Given data =
━━━━

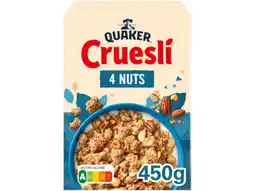 Hoogvliet Quaker Cruesli 4 noten aanbieding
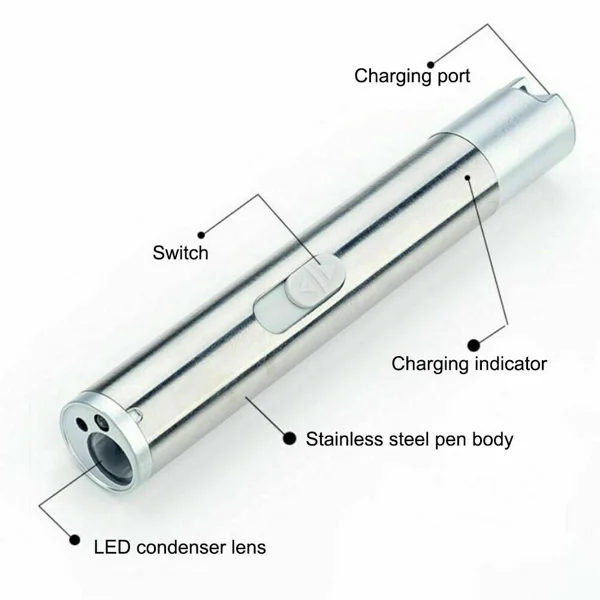 3 in1 1mw USB Rechargeable Pet Toy Pen Flashlight Red laser Beam UV Light 3-Modes Lamp (US Logistics For USPS/DHL/Fedex/UPS. No designated logistics accepted,TK/TMEU only For self-pickup) view 3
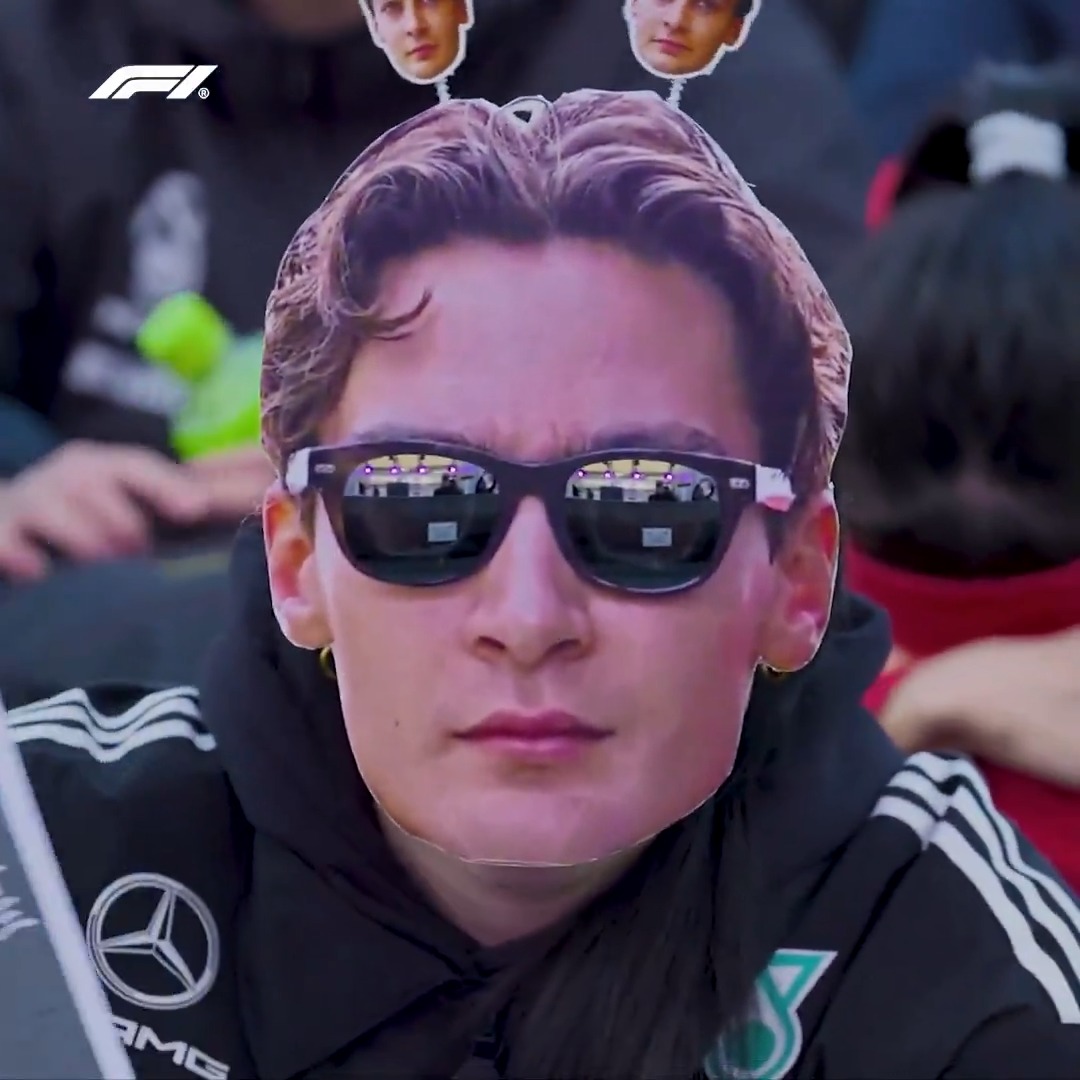 George! Is that you?! 😄 #F1 #JapaneseGP Mercedes-AMG PETRONAS F1 Team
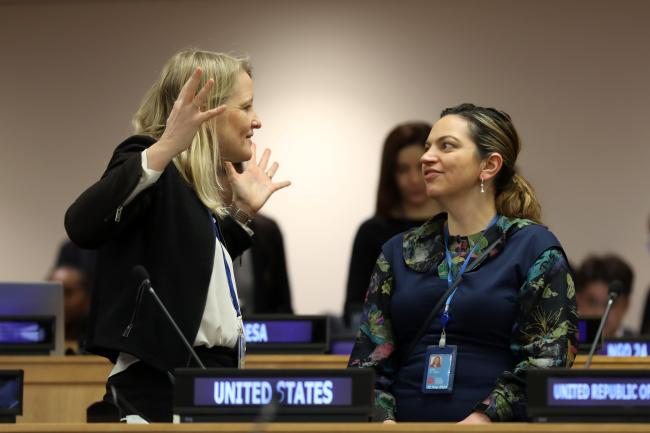 Kathryn Youel Page, US, and Melina Lito, UK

━━━━

What is expected = Pictures in the listing above must be skipped; everything else should be copied exactly.

Worked solution =
 Hoogvliet Quaker Cruesli 4 noten aanbieding
 3 in1 1mw USB Rechargeable Pet Toy Pen Flashlight Red laser Beam UV Light 3-Modes Lamp (US Logistics For USPS/DHL/Fedex/UPS. No designated logistics accepted,TK/TMEU only For self-pickup) view 3
 George! Is that you?! 😄 #F1 #JapaneseGP Mercedes-AMG PETRONAS F1 Team
 Kathryn Youel Page, US, and Melina Lito, UK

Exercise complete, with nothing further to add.